Announced in April, ACCA Open was conceived as a way for ACCA to continue to support contemporary artists and engage with online audiences during COVID-19-related gallery closures. Australian artists from all backgrounds, career levels and practices were invited to submit ideas for projects that could be presented through digital platforms. Six projects were selected from a pool of over 340 submissions, the first two of which will be launched this week, including:
How much time do we have?
An ever-evolving, live-generated audiovisual piece of breaks, flows, segments, junctures and shifts made during the timeless state of the present evernow, How much time do we have? by artists Madeleine Flynn and Tim Humphrey is a site-specific and time-based work made in the midst of a global pandemic.

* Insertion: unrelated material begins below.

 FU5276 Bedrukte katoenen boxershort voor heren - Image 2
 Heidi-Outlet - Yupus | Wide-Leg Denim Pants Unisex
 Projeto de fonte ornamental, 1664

Broadcast precariously from a single computer located at the artists’ studio, the work will eventually fade from view when Stage 4 Restrictions are lifted in Melbourne. This real time event provides a finite – if unpredictable – duration for a work that creates space for audiences to experience both alone, and in connection with others, in a virtual sphere, at a time when our physical worlds are limited.
Neighbour is a collaboration between artist and choreographer Amrita Hepi and writer, neuroscientist and psychiatrist Sam Lieblich. Deploying language, movement and neuroscience to consider the increasing prevalence of algorithmic subjectivity, Neighbour – an AI chatbot posing on ACCA’s website as a virtual assistant, is available for conversations about human-ness and the current global crisis, and is accumulating knowledge from these interactions in an attempt to locate the enigmatic ‘it’ that we, as humans, are.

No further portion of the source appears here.